Saturday, April 9, 2022

The Art of Asking Your Boss For a Raise by Georges Perec

having carefully weighed the pros and cons you gird up your loins and make up your mind to go see your head of department to ask for a raise so you go see your head of department let us assume to keep things simple--for we must do our best to keep things simple--that his name is mr xavier that's to say mister or rather mr x

If you don't want to read this entire book (all 80 of its small pages) you can instead look at the flowchart below which was the inspiration for the exercise. Georges Perec, possibly the most member of the experimental writer's group Oulipo, is probably best known for his 800 page Life: A User's Manual, but this slim volume is really the novelization of the flowchart, written in the way Perec imagined a computer might speak--there's no punctuation between sentences, no capitalization, no direct dialog. And given that, it's the perfect length.

The premise is in the title: the protagonist, unnamed, wants to ask his boss for a raise. A number of obstacles may or may not arise--if/then is one of the computational structures Perec structures the book around, alongside the loop--and depending on those, different options present themselves and so on.
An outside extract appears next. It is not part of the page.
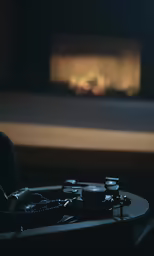 a remote sitting on top of a table near a fire place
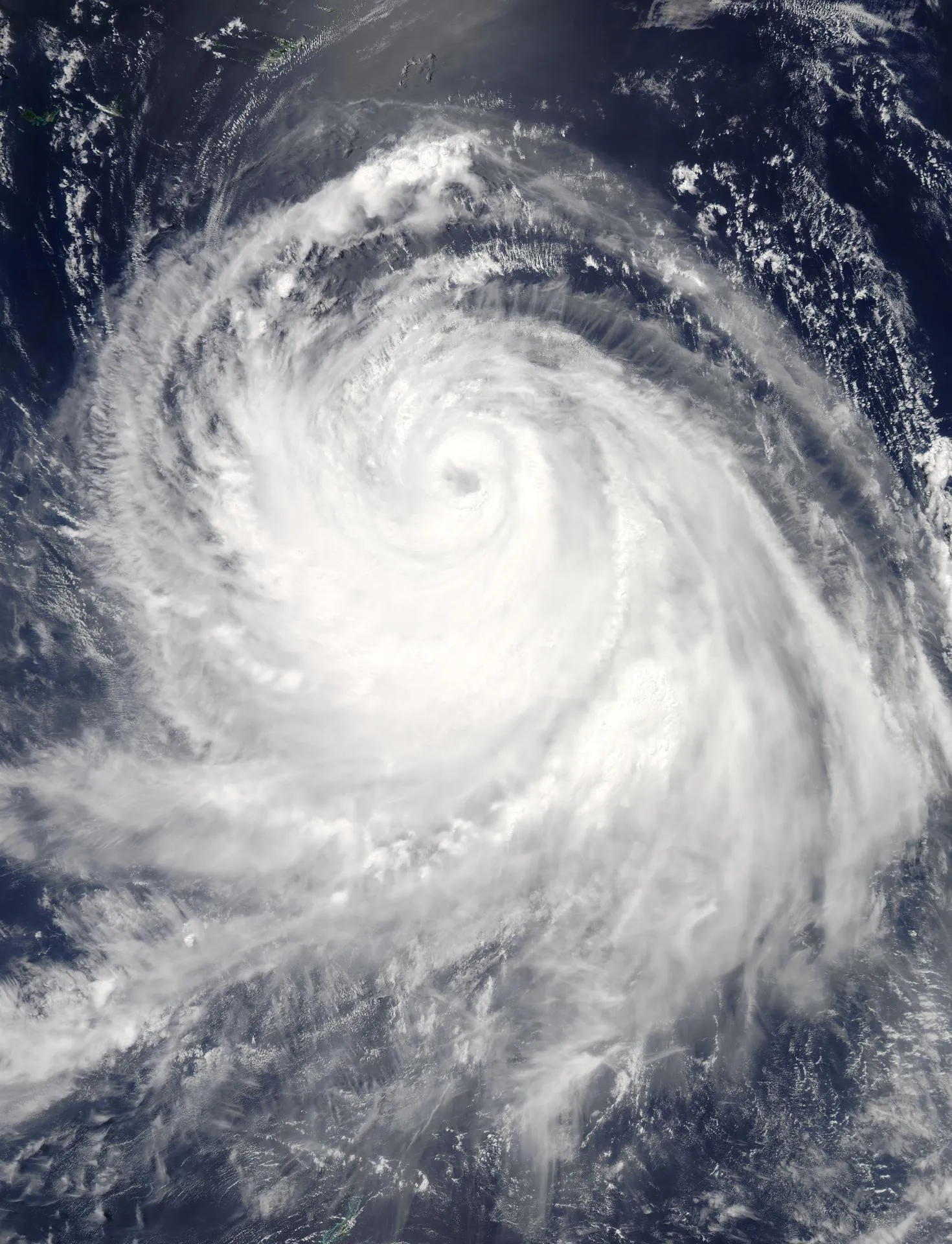 Satellite view of a typhoon's spiral cloud bands over the Pacific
Branching narratives are common in Oulipe texts, and TAOAYBFAR's twist is to present all possible options and then follow them to their terminus which is, in reality, just another, slightly modified version of the loop the proagonist is stuck in.

For 70 of the pages, the narrator is entirely unsuccessful in asking for his raise. He's blocked by Fridays, weekends, vacations, measels, Lent, angry coworkers, and, most cleverly, the absence of his boss who is in fact stuck in the same loop of approaching his own surperior and being denied. You might think this would be tiresome and horse-beating, but in fact Perec is not much like a computer at all because he inserts a biting and poignant narrative between the lines. The protagonist may not get much closer to his raise in these 80 pages, but we do learn that he's been at the firm since he was a teenager, that he's now married with children, and during the time span covered by the iterations in the book itself, we know that he's at least 5-6 years closer to, well, death by the time he finally gets his ask.
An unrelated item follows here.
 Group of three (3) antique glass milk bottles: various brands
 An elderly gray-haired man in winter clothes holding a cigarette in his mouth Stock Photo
It's not much of a spoiler, perhaps, to reveal that the end of the book is just the beginning of another iteration of the loop--after asking his boss for the raise, which is only an additional 9 pounds per month(!), he's given what amounts to a polite brush off as his boss says he deserves it but it needs to be sent up the ladder, a ladder that both the reader and the protagonist know is ultimately unscalable. Maybe in six months, the dispassionate text says, or maybe 6 months after that.
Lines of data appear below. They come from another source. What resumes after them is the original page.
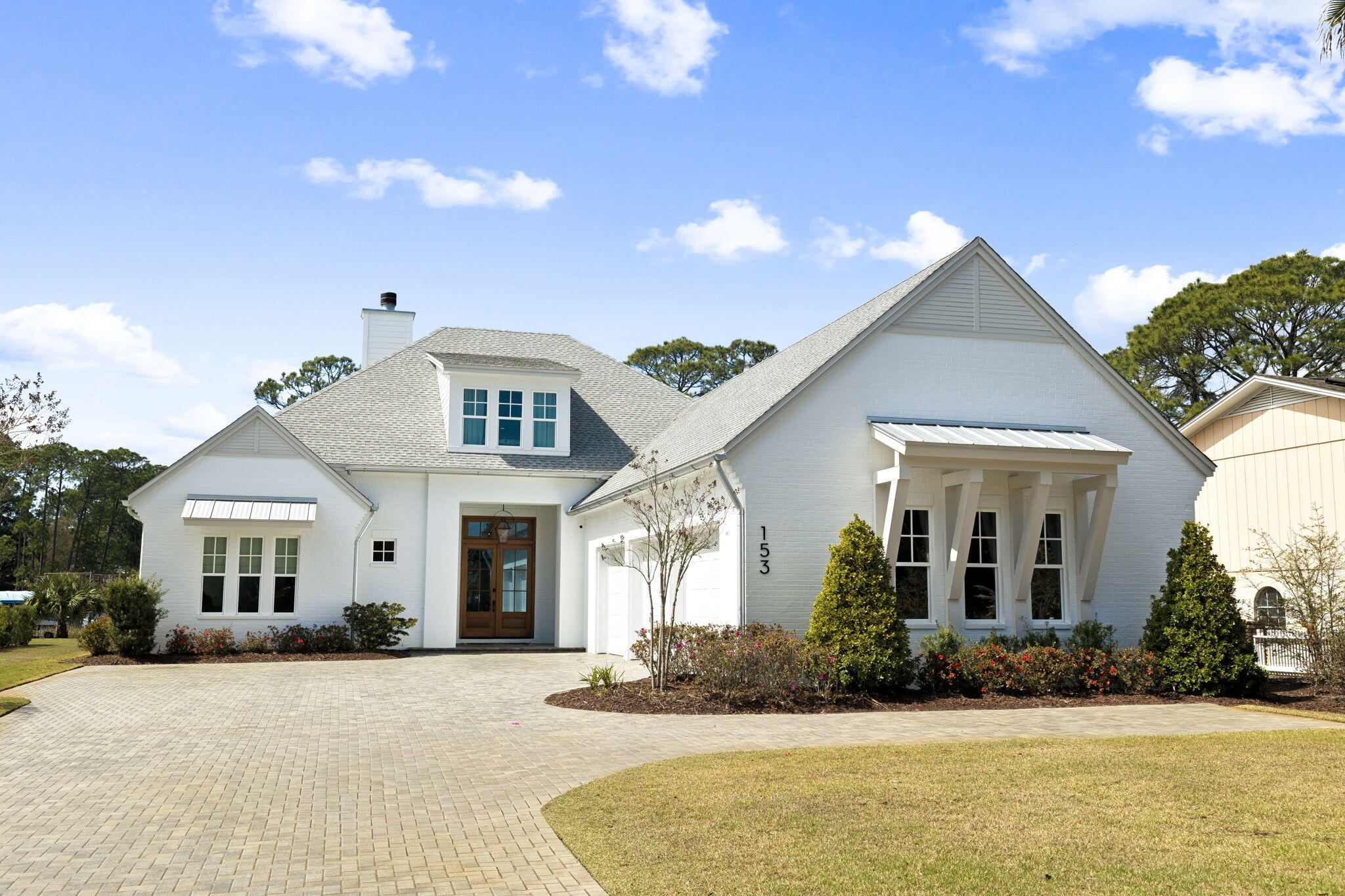 153 Blue Bell Circle Santa Rosa Beach, FL 32459 - Photo 6 of 18 a front view of a house with a yard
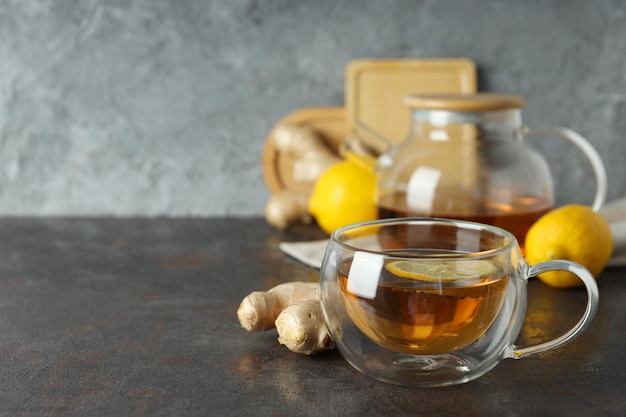 Tasse et théière avec thé citron et gingembre sur fond gris espace pour le texte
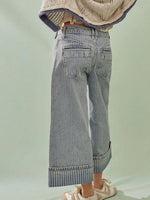 Person wearing light blue jeans with a plain background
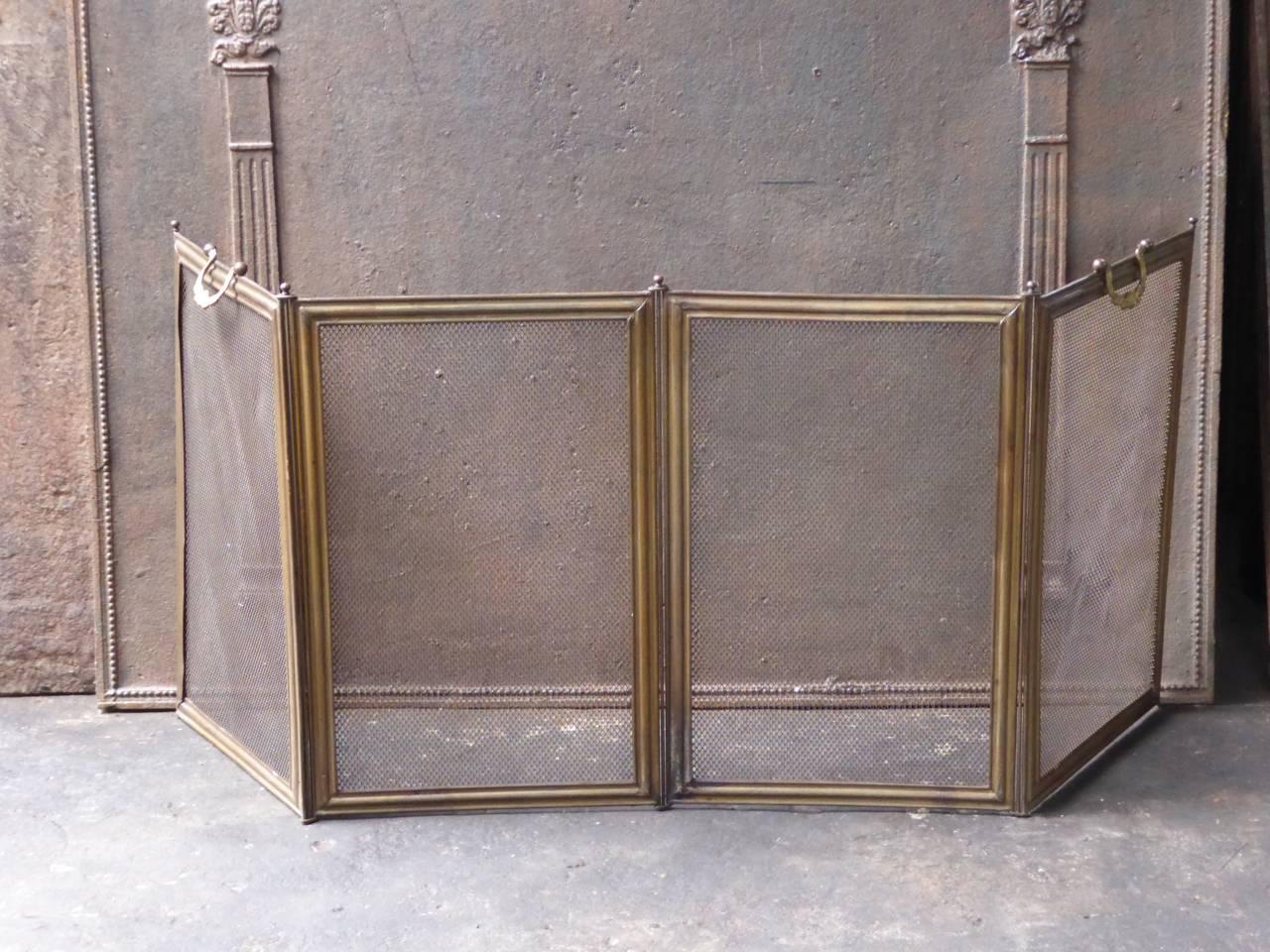19th century French fireplace screen made of brass, iron and iron mesh.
But the text isn't really dispassionate either. One of the funniest, most poignant jokes is the repetition and mutuation of passages:

you can always wait for him by circumperambulating the various departments which taken together constitute the whole or part of the organization of which you are an employee
---
you can always wait for him by circumperambulating the various departments which taken together constitute the whole or part of one of the biggest firms in one of the key sectors of one of the nation's most infulential industries
---
you can always wait for him by circumperambulating the various departments which taken together constitute the whole or part of the consortium which pays you a pittance while grinding away the best years of your life

Perec shows his cards in the second person narration: the protagonist doesn't have a name because their name is your name, their endless loops are your endless loops, the slow grinding away of the best years of your life under the crushing machinery of capitalism is the day-to-day existence of most people, and tiny mutations in the sequence are the rays of hope, which are always yanked away but promised again. But at least Perec makes it funny.